Le pouvoir à quelque chose d’excitant. Et l’on comprend aisément que la situation de la Côte d’Ivoire n’est pas loin de certains pays de la sous-région. Après une belle carrière d’avocat et deux mandats présidentiels à la tête du Sénégal, pourquoi le «vieux» Abdoulaye Wade n’a-t-il pas compris qu’il avait acquis la stature nécessaire pour qu’on lui fît confiance et l’aidât dans une structure non étatique à s’occuper efficacement des siens, exilés économiques volontaires que l’on rencontre partout ? Après plusieurs mandats arrachés au prix du tripatouillage, pourquoi Blaise Compaoré n’a-t-il pas compris qu’il avait le devoir de laisser maintenant l’alternance se faire, quitte à ce que les Burkinabé lui fassent appel ?
Entre nous, que cherche Wade ? Qu’a-t-il à patauger encore et encore dans la politique politicienne au point d’adouber son fils premier-né pour Dieu ignore quelle succession monarchique en république démocratique ou, pis encore, pour l’on se demande quelle revanche à prendre.

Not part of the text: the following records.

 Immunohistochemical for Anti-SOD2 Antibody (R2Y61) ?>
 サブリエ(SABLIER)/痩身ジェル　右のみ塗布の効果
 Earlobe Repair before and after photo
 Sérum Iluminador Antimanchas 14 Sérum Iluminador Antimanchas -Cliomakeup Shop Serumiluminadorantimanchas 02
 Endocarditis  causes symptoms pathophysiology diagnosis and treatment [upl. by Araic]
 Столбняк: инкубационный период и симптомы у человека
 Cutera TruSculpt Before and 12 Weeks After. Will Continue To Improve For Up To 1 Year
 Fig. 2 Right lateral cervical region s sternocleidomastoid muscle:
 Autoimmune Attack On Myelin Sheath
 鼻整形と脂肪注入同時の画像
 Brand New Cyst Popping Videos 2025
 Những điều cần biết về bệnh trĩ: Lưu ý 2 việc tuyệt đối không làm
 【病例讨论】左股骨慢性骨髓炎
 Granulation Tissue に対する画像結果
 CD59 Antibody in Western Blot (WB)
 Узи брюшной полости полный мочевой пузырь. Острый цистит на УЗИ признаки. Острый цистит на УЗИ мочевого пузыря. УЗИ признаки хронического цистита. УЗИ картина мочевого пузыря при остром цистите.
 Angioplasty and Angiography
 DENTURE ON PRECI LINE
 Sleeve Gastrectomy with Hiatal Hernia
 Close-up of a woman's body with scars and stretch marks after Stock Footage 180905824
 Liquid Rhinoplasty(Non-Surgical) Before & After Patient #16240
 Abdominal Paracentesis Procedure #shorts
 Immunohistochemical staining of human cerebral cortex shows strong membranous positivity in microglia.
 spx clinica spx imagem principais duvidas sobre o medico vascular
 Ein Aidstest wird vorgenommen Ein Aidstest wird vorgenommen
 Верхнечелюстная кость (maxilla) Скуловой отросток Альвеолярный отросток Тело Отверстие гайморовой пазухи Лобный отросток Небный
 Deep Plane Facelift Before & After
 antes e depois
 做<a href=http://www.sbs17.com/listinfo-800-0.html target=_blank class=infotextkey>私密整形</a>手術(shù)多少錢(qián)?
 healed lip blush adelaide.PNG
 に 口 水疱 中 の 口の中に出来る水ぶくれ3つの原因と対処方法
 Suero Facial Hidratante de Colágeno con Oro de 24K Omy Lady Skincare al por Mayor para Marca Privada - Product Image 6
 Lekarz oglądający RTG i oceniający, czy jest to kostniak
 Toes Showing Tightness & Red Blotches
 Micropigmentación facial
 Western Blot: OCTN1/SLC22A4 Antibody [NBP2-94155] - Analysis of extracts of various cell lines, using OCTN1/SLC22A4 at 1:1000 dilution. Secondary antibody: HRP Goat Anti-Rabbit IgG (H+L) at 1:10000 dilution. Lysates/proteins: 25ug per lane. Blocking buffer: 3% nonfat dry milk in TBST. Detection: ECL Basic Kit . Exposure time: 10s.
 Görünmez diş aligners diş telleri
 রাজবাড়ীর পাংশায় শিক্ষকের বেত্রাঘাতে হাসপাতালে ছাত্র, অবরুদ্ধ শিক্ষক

Revanche à prendre sur qui ? Et qui a dit que l’Etat sénégalais était le patrimoine d’une quelconque famille malienne? Sursum corda ! Élevons nos cœurs !
Pourquoi ne savons-nous pas les élever en Afrique ? N’en avons-nous pas ? Pourquoi ne savons-nous pas rêver, et que rêver c’est rêver grand, et que rêver grand, c’est toujours rêver grand autrement par rapport à l’existant, à l’acquis, à l’habituel, à ce qui est là, c’est aller ailleurs pour laisser son nom à quelque chose de nouveau, de bon et de beau dans l’histoire, c’est chercher à rejoindre Mandela dans ses chemises d’adolescent dans le vent, et vouloir voir comme lui sa statue se dresser quelque part à Londres, ce de son vivant comme lui, ou après sa mort, modestie oblige.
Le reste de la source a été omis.